Understanding the principles for processing personal data is vital to achieving compliance with different privacy and data protection regulations as the principles set the foundations that organisations should consider when processing personal data.

One of the first data protection instruments to address some privacy and data protection principles was developed by the Organisation for Economic Co-operation and Development (OECD) and the Council of Europe in 1980: The Guidelines on the Protection of Privacy and Transborder Flows of Personal Data.

These Guidelines set the basic rules that governed transborder data flows and the protection of privacy and personal data to facilitate the harmonisation of data protection laws. Among its principles on the processing of personal data are collection limitation, data quality, purpose specification, use limitation, security safeguards, openness, individual participation (data subject rights) and accountability.

All those principles were reflected in the General Data Protection Regulation (GDPR), which established seven principles that organisations should follow when processing personal data, presented below:

Organisations must process personal data lawfully, fairly and in a transparent manner in relation to the data subject (the individual whose data is being processed). This means that the activity performed by the organisation must be legitimised under a legal basis defined by the GDPR (art. 6 and 9) and cannot violate any law that applies to the context of the processing.

Moreover, the processing should be fair, which means that personal data cannot be processed when the data subjects would not reasonably expect this processing to happen, and when the processing may result in unjustified adverse effects on them.

Finally, personal data must be processed transparently in relation to the data subject. Therefore, the organisation must provide data subjects with sufficient information about the processing of their personal data such as the personal data that is being processed and the purposes of the processing in an accessible way, using clear and plain language. The information that needs to be presented to the data subjects are highlighted in articles 12 to 14 of the GDPR.

Personal data must be collected for specified, explicit and legitimate purposes and cannot be further processed in a non-compatible way with those initial purposes. Therefore, organisations can only process personal data for a specific and legitimate reason.

The data minimisation principle establishes that the personal data that is being processed for a specific purpose by an organisation should be adequate, relevant and limited to what is strictly necessary in relation to its purpose.

Therefore, organisations should process only the personal data that are proportionate and necessary to achieve the specific purpose initially defined, avoiding processing data that is irrelevant to achieve the purpose of the processing.

Personal data must be accurate and kept up to date. This means that organisations need to ensure that the personal data processed is accurate. To ensure this organisations should establish an internal mechanism to monitor, erase or rectify inaccurate personal data when necessary. This principle is directly linked to the right to rectification presented in article 16 of the GDPR.

Personal data should be kept in a form that permits the identification of data subjects for no longer than is necessary for the purposes for which the personal data is processed, according to the storage limitation principle. This means that once personal data is no longer needed, it must be securely deleted.

Controllers must set retention periods for personal data, considering its processing purposes, and internal mechanisms to delete the data when the storage period expires. The GDPR allows the storage of personal data for longer periods insofar as the personal data will be processed solely for archiving purposes in the public interest, scientific, historical research or statistical purposes.

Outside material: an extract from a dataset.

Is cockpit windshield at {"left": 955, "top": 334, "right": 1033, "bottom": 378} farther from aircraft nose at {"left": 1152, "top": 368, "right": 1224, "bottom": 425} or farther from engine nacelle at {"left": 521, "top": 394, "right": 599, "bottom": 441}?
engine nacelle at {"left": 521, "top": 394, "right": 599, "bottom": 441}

Organisations must ensure that appropriate security measures, both technical and organisational, are in place to protect personal data and prevent data breaches.

The GDPR does not define the security measures that must be in place to prevent the breach of confidentiality, integrity, and availability of personal data. Therefore, controllers and processors should consider the level of risk a processing activity involves to the rights and freedoms of the data subjects. Based on the risk, organisations should adopt adequate security measures to secure the personal data accordingly.

Organisations shall be able to demonstrate compliance with the GDPR requirements. Therefore, all the measures adopted by the organisation to comply with the GDPR should always be recorded e.g., keeping records of data protection impact assessments and legitimate interest assessments, internal policies and procedures such as the privacy policy and the data breach response plan, records of processing activities, training and awareness evidence, etc.

It is important to note that accountability obligations are ongoing, which means that organisations must review the adopted measures regularly and update them when necessary.

These principles are the base of the GDPR obligations for controllers and processors. As mentioned by the Information Commissioner´s Officer (ICO), the principles “don’t give hard and fast rules, but rather embody the spirit of the general data protection regime”. Therefore, keeping the principles in mind and implementing it within the organisation’s processing operations is to be considered a good practice for GDPR compliance.

Have you implemented those principles in the processing of personal data within your organisation.